Spirit of 77 was included in Esquires "best bars" list in 2011. In 2011, Bill Simmons of ESPN said the bar was "perfectly named" and Michael Russell of The Oregonian described the business as "hip". Spirit of 77 was ranked Portland's fourth best sports bar in the newspaper's 2016 readers' choice poll. In 2016, Tilden was nominated in the Outstanding Restaurateur category of the James Beard Foundation Awards for Clyde Common, Olympia Provisions, Spirit of 77, and The Richmond Bar.

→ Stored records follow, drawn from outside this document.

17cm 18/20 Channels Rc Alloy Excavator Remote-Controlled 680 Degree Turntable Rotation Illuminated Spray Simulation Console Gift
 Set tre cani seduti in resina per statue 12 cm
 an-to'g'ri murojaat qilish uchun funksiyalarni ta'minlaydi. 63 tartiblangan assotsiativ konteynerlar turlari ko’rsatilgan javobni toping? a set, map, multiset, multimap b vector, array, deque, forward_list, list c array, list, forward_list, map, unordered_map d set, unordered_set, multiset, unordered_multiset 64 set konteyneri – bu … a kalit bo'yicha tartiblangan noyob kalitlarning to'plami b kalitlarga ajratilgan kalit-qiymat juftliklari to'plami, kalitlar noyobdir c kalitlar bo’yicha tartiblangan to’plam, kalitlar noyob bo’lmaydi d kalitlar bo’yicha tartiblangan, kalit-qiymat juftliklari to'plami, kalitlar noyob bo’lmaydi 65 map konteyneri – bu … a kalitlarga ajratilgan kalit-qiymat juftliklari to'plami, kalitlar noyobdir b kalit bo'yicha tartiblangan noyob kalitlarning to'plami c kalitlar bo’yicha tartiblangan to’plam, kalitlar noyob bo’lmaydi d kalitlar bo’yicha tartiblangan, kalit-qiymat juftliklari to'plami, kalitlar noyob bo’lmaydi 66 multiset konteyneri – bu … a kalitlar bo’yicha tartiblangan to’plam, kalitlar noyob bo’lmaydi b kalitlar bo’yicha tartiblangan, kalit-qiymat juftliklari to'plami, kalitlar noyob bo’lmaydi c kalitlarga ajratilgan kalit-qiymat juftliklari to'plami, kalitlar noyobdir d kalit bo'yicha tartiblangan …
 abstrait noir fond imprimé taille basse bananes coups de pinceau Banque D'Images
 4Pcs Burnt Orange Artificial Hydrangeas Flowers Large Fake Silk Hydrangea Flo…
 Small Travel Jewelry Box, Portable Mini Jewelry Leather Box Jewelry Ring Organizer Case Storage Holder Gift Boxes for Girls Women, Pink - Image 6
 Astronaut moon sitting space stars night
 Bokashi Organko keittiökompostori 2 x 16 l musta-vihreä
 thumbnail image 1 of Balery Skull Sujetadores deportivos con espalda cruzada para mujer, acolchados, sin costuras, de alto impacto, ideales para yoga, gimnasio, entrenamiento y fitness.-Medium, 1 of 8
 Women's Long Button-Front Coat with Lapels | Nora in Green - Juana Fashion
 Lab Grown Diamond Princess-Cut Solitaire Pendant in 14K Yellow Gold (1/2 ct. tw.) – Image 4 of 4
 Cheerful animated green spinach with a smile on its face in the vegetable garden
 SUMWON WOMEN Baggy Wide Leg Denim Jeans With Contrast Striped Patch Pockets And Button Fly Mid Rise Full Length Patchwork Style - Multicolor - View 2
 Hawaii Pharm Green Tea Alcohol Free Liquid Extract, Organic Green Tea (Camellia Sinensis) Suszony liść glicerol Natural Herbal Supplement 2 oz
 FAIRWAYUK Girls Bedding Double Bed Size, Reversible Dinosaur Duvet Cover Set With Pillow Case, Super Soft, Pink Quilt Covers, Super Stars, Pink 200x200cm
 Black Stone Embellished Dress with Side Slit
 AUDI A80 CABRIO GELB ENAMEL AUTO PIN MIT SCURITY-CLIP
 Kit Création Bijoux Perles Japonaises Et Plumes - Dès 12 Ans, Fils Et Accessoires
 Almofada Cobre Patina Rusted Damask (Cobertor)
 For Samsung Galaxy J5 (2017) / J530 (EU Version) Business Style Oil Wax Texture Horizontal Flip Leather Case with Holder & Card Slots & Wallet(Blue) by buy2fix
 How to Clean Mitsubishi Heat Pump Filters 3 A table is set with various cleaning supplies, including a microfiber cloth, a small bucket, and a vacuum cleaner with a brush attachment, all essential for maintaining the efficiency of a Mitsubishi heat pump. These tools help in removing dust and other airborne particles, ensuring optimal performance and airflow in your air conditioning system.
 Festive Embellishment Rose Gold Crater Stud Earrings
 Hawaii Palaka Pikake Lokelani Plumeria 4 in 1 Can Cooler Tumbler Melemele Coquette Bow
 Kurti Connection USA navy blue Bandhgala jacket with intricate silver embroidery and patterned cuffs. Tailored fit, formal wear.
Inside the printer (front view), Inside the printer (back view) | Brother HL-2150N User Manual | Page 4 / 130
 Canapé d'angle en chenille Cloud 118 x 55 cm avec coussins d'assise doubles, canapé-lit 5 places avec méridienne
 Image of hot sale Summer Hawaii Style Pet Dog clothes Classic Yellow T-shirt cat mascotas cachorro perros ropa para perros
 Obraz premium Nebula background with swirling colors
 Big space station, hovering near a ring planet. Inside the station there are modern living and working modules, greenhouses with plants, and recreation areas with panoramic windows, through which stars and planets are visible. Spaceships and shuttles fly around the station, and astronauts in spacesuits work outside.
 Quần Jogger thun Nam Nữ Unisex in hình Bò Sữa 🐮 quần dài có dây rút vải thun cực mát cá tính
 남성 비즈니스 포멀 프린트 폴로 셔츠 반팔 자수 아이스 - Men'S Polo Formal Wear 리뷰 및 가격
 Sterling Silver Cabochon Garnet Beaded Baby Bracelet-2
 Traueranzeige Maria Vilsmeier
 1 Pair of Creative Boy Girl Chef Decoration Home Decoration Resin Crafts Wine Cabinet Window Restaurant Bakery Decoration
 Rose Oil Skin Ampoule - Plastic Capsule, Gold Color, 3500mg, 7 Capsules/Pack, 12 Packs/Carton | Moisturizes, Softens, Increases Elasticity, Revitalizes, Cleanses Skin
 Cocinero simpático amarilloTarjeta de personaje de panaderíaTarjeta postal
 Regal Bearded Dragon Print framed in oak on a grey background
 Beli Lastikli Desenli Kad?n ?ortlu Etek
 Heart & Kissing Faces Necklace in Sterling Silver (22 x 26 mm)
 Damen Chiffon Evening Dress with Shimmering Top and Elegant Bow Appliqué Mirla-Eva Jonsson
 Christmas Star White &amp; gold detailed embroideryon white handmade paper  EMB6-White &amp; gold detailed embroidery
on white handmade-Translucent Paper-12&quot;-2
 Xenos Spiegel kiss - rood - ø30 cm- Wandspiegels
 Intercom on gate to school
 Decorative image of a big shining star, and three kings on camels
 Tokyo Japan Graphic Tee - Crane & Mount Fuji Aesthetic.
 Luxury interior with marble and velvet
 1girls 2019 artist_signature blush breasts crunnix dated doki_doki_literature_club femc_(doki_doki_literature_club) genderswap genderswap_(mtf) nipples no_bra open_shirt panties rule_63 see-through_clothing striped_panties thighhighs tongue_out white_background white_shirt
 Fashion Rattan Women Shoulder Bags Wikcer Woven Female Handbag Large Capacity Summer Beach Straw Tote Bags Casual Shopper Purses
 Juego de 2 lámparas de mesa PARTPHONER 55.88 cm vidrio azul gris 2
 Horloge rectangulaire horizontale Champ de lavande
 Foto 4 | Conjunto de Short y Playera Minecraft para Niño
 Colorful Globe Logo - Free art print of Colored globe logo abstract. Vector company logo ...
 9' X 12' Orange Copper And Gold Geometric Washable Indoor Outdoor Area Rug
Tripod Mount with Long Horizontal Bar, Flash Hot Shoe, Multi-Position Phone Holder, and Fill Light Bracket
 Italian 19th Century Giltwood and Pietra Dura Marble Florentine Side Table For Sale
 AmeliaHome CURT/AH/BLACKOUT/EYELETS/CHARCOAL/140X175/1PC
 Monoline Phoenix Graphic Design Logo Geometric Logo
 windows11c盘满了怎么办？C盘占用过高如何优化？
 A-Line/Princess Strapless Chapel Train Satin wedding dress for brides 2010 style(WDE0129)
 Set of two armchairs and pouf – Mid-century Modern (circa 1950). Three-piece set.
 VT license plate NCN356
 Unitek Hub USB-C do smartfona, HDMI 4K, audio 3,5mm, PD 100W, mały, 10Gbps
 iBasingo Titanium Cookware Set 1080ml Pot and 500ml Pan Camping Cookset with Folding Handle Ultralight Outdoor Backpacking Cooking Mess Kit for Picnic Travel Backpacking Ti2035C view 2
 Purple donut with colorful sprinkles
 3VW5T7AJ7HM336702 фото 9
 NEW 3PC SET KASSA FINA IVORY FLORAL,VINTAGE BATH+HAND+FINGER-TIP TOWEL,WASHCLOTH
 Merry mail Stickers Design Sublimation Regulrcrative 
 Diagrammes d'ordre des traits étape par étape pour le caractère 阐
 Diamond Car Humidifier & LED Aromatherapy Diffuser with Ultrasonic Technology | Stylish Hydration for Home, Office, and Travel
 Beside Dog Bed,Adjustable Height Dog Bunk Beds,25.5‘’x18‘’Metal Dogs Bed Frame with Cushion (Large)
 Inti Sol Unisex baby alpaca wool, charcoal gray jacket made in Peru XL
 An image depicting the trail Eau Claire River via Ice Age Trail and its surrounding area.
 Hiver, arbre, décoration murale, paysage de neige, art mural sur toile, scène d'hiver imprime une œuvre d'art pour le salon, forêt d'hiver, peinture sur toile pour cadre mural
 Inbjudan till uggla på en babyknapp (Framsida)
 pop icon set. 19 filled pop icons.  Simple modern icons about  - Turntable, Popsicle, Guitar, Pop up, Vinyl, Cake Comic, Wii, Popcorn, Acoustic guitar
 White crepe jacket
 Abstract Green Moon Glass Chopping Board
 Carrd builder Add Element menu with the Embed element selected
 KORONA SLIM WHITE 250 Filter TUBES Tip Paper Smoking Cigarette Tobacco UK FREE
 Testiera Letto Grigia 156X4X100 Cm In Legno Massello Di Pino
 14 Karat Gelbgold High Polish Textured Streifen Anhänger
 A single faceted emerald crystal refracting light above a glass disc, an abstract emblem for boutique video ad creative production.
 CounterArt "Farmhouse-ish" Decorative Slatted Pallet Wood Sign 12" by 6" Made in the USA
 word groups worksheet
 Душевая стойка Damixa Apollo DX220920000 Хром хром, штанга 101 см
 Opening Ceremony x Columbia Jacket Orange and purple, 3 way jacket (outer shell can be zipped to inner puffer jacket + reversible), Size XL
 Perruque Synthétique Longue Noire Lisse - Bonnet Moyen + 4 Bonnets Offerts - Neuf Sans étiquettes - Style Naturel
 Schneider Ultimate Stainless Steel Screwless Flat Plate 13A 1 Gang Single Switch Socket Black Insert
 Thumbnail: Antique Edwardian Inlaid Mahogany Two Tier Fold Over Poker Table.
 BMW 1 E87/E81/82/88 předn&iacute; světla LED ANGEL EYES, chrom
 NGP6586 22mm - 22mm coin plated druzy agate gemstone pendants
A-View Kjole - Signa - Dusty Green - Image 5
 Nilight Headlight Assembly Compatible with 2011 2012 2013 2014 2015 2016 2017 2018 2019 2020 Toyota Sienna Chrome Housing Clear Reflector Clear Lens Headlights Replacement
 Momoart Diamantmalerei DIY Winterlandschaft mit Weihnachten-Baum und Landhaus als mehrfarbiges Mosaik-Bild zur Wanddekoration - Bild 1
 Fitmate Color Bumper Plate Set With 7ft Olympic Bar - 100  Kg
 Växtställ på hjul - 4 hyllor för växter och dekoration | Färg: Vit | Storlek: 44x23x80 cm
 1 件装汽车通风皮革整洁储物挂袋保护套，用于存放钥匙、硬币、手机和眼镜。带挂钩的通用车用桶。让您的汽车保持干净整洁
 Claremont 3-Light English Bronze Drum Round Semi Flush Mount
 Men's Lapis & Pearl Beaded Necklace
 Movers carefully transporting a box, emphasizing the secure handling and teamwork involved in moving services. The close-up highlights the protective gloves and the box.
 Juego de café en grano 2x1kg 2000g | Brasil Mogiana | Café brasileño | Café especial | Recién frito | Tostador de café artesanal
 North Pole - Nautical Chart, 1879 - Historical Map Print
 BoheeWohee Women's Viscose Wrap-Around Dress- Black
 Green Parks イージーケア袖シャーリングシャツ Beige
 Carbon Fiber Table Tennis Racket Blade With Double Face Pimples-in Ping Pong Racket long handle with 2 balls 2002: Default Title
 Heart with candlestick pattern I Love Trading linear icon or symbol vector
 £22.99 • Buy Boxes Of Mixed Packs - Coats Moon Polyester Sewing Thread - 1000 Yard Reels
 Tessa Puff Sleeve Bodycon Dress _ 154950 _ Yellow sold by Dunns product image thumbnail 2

Noah Davis included Spirit of 77 in Thrillist's 2017 overview of the nation's best sports bars. In 2018, the business ranked number 105 in The Daily Meals 2018 list of the nation's 150 best bars. The website's Shannon Darnall also included Spirit of 77 in a list of the nation's 50 best sports bars. The Daily Meal said the business was Oregon's best sports bar in a 2018 overview of the state's best food and drink, and Kaitlin Miller selected Spirit of 77 to represent Oregon in the website's 2020 overview of the best sports bars in each state.

In 2010, Tilden won in the Empire Builder of the Year category of Eater Portlands annual Eater Awards; additionally, Spirit of 77 was nominated in the So Hot Right Now category. The website's Allison Jones said the business "popped-a-shot over every sports bar in town, and then some". In 2019, the website recommended the bar for sports viewing near the Moda Center and the Oregon Convention Center. Spirit of 77 was included in Willamette Weeks 2011 list of Portland's ten best soccer bars. The business won in the Best Sports Bar category of the newspaper's annual 'Best of Portland' readers' poll in 2015, 2016, and 2020. It placed second in the same category in 2026.